Fiscal conservatives in the Senate and House have more incentive to insist on deeper cuts to federal spending after Moody’s downgraded the nation’s credit rating Friday, citing the steady rise in federal deficits.
Moody’s projects that the federal deficit will reach nearly 9 percent of GDP by 2035 because of higher interest payments on the debt and increased spending on entitlement programs.
Sen.
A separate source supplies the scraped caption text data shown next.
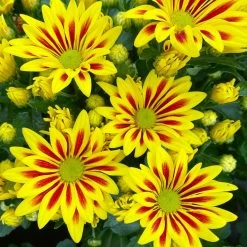 Chrysanthemen 'Rainbow Lake Worth' Gelb-rot Gestreift, Topf-Ø 14 Cm, 4er-Set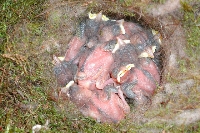 Cinciallegra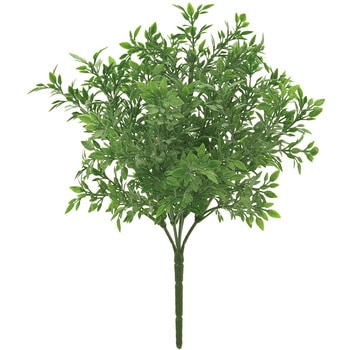 ティーリーフブッシュ - MAGIQ(東京堂)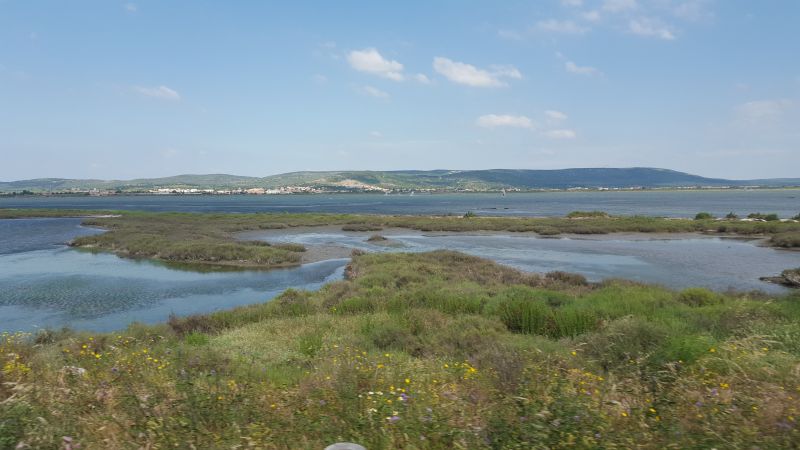 foto 19 Mietobjekt von Privatpersonen Frontignan appartement Languedoc-Roussillon Hrault Nahaufnahme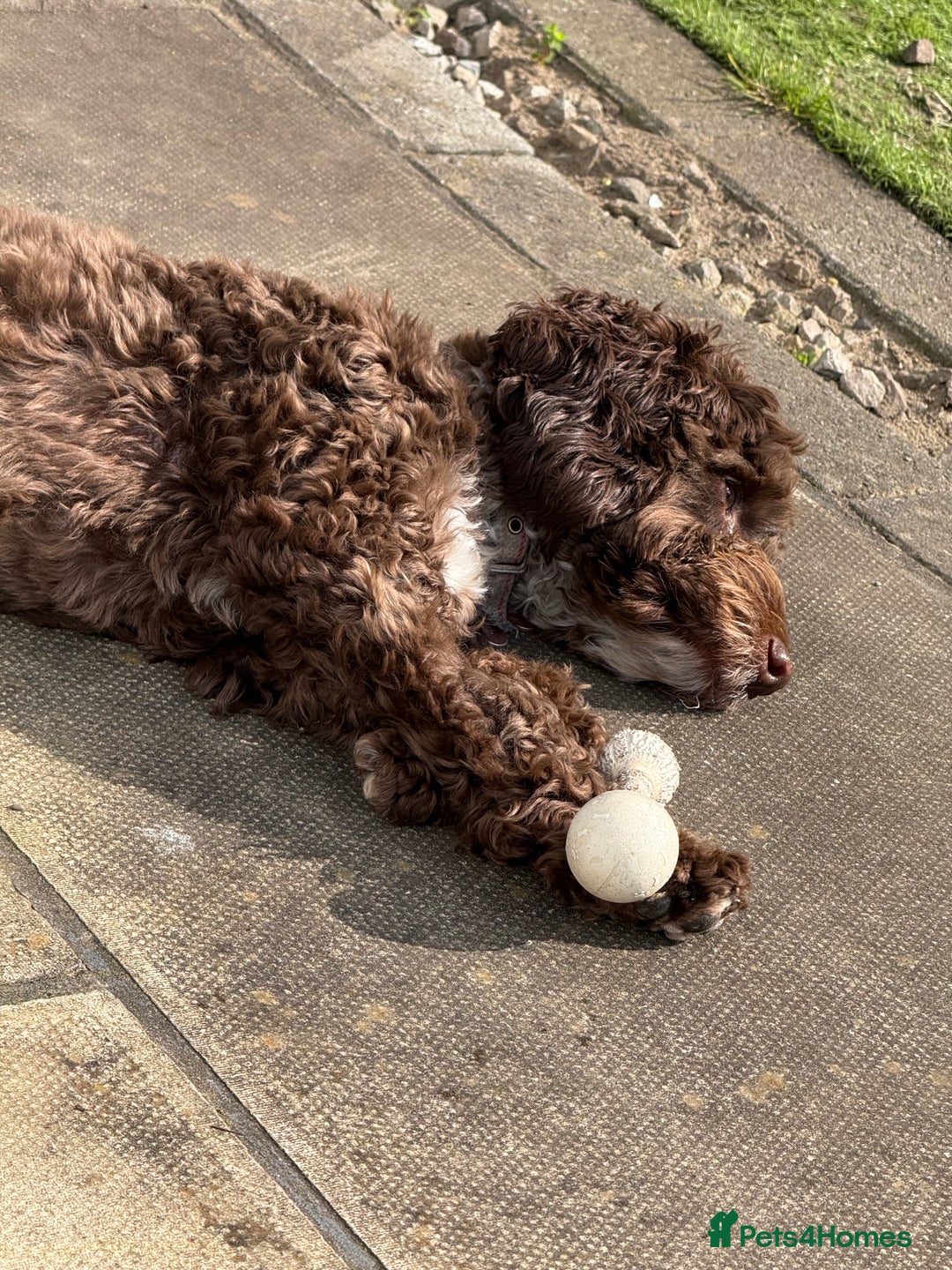 Cockapoo dogs for sale: Cocoa Bean Cockapoo  - Advert 5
Kevin Cramer (R-N.D.) said “part of the problem” is that “this great big beautiful is very, very complicated.”
The most complicated part of the debate is figuring out how to limit its impact on the U.S. debt as lawmakers either seek to add additional tax cuts or shrink cuts to Medicaid.
Cramer said the border security and defense provisions along with the extension of the 2017 tax cuts should be done by now.
“We should have had our bill, extending the Tax Cuts and Jobs Act, border security and defense increases done. It should be done. And we’d still be debating the same issues,” he said.
Thune said Tuesday that he still has confidence in House Republicans’ ability to pass Trump’s agenda as one package.
“We are coordinating very closely with our House counterparts at the committee level and the leadership level,” he said.
“I feel very good about where we are, where they are and where ultimately we’re going to be on that bill,” he said.